* Collected data
++++

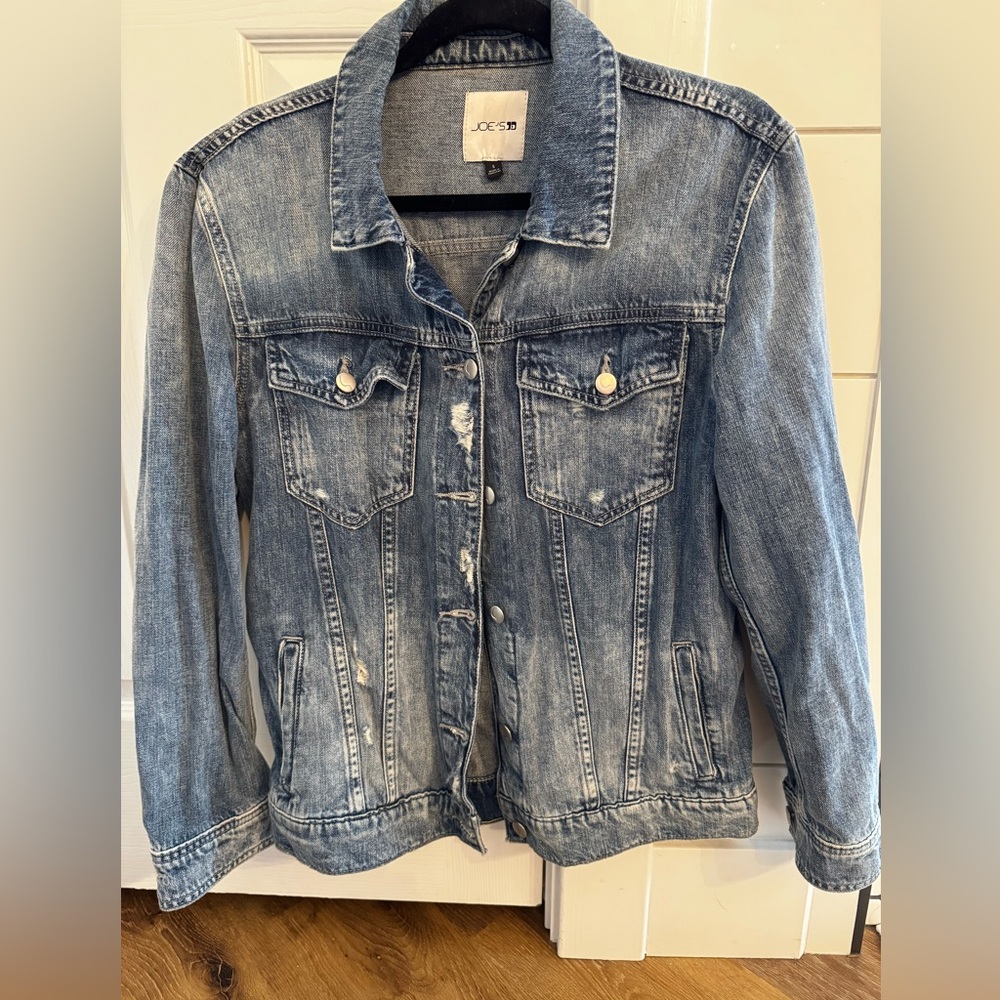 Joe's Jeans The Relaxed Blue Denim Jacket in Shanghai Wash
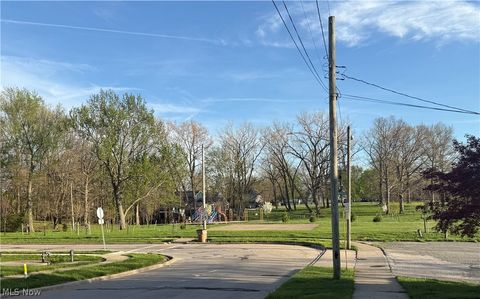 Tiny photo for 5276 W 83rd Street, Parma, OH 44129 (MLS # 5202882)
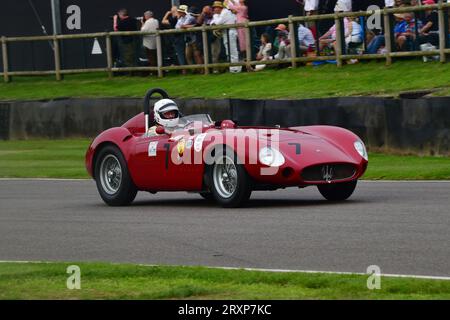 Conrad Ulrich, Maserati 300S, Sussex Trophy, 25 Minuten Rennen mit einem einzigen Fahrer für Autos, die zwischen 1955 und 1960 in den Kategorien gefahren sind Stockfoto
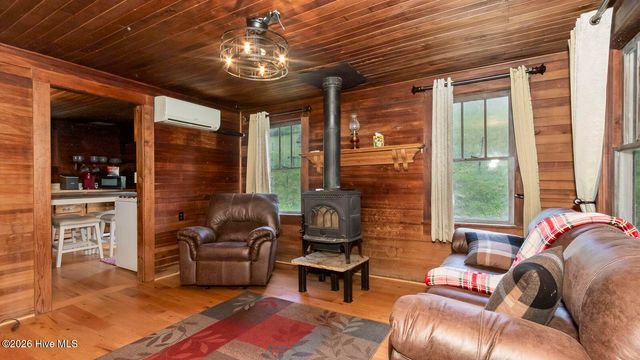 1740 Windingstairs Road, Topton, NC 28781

++++

* Goal of the exercise
Repeat verbatim the lines from the one with "Tiny photo for" through the end of the listing above. Include both ends, add nothing, and exclude the pictures.

* Problem solution
 Tiny photo for 5276 W 83rd Street, Parma, OH 44129 (MLS # 5202882)
 Conrad Ulrich, Maserati 300S, Sussex Trophy, 25 Minuten Rennen mit einem einzigen Fahrer für Autos, die zwischen 1955 und 1960 in den Kategorien gefahren sind Stockfoto
 1740 Windingstairs Road, Topton, NC 28781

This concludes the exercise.